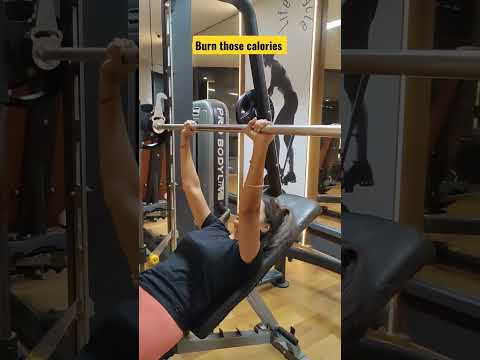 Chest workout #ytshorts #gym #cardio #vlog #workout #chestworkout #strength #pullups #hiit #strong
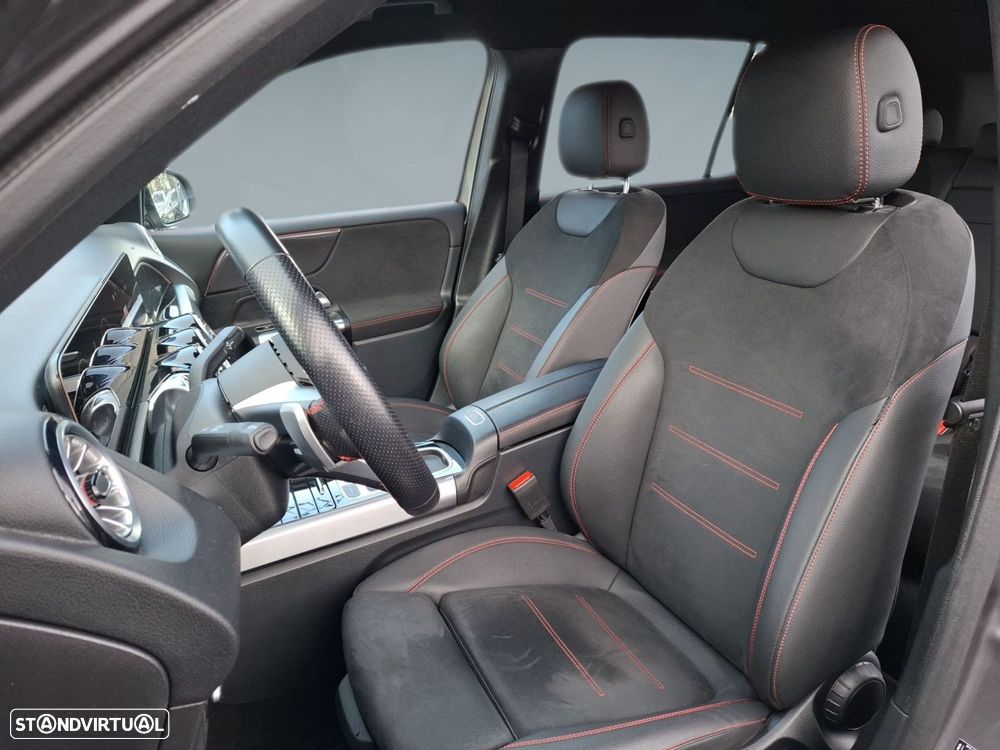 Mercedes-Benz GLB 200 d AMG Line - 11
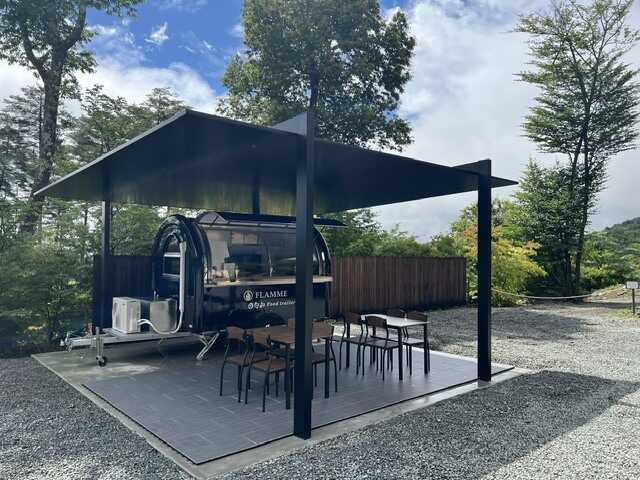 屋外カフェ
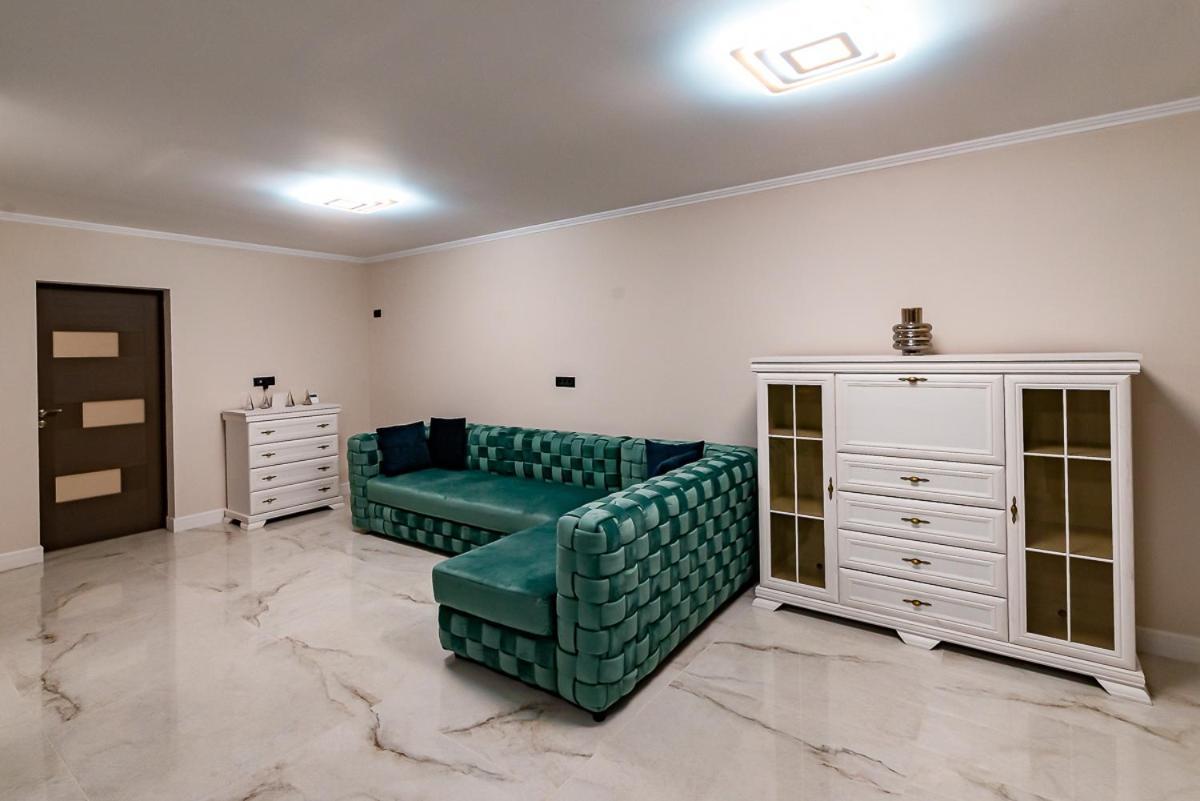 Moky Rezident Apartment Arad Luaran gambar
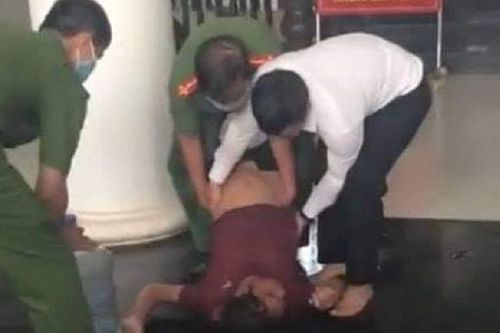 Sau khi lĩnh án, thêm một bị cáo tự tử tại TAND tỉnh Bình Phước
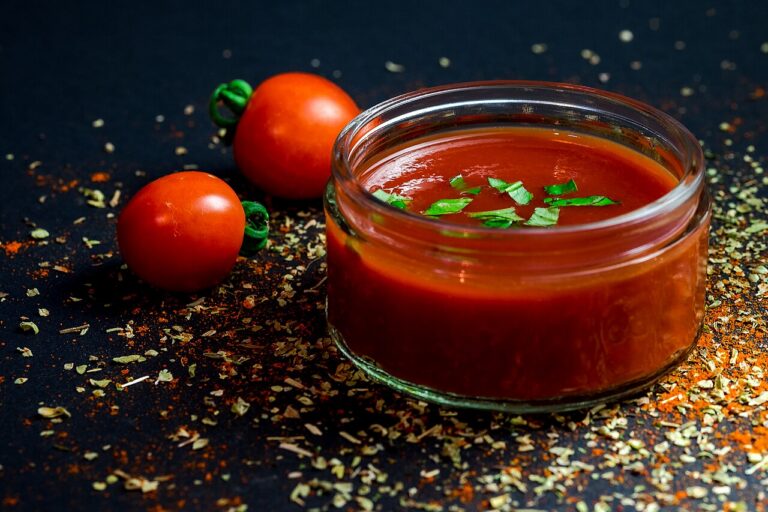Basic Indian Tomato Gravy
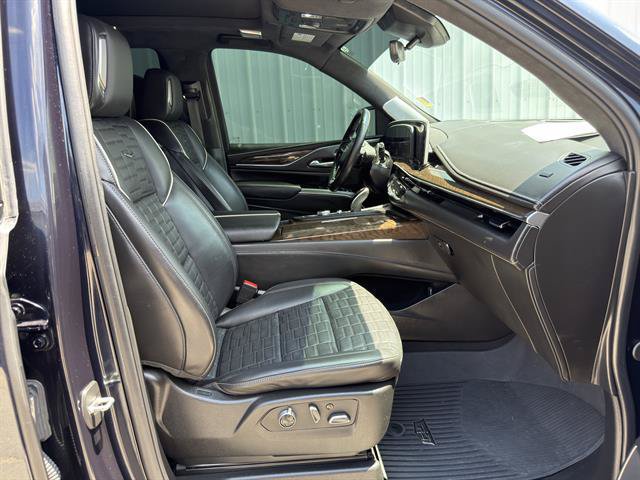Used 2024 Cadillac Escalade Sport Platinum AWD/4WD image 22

——

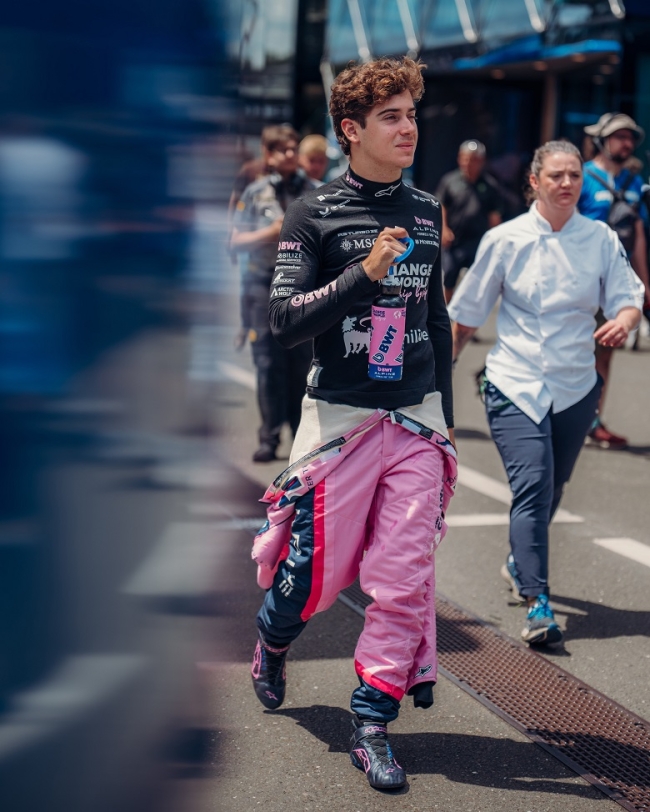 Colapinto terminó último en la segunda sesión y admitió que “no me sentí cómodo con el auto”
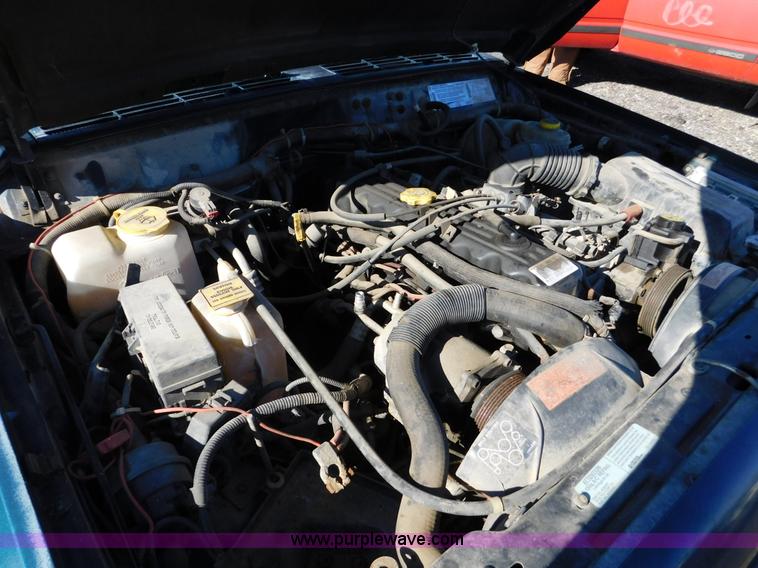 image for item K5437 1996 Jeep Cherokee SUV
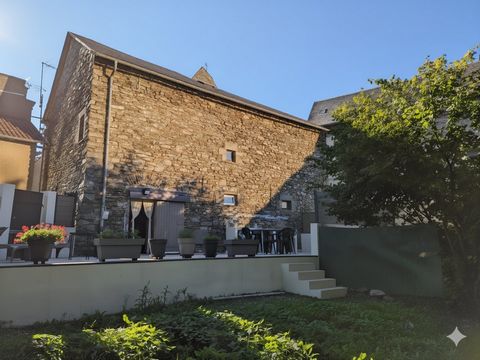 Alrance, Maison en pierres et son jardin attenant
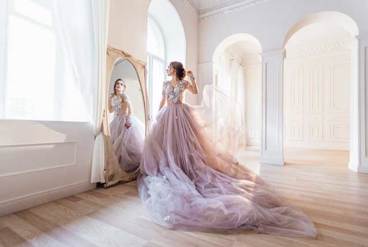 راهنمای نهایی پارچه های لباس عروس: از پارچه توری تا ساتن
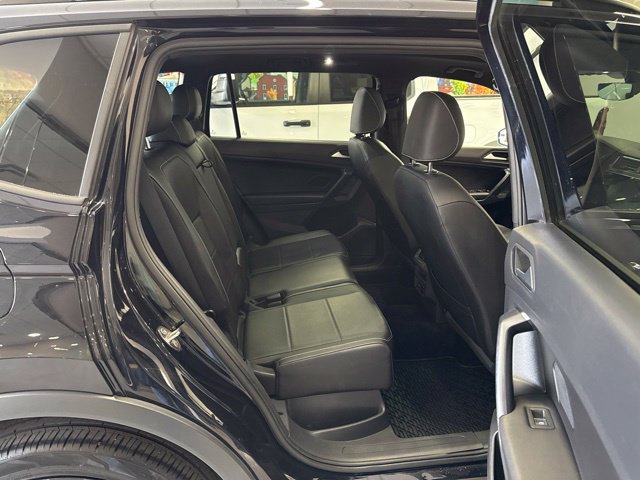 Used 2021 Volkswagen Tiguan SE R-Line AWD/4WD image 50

——

Problem requirements -
Between and including the line with "Chest workout #ytshorts" and the line with "Used 2024 Cadillac", repeat every line exactly as it appears above, with pictures left out.

Exercise answer -
 Chest workout #ytshorts #gym #cardio #vlog #workout #chestworkout #strength #pullups #hiit #strong
 Mercedes-Benz GLB 200 d AMG Line - 11
 屋外カフェ
 Moky Rezident Apartment Arad Luaran gambar
 Sau khi lĩnh án, thêm một bị cáo tự tử tại TAND tỉnh Bình Phước
Basic Indian Tomato Gravy
Used 2024 Cadillac Escalade Sport Platinum AWD/4WD image 22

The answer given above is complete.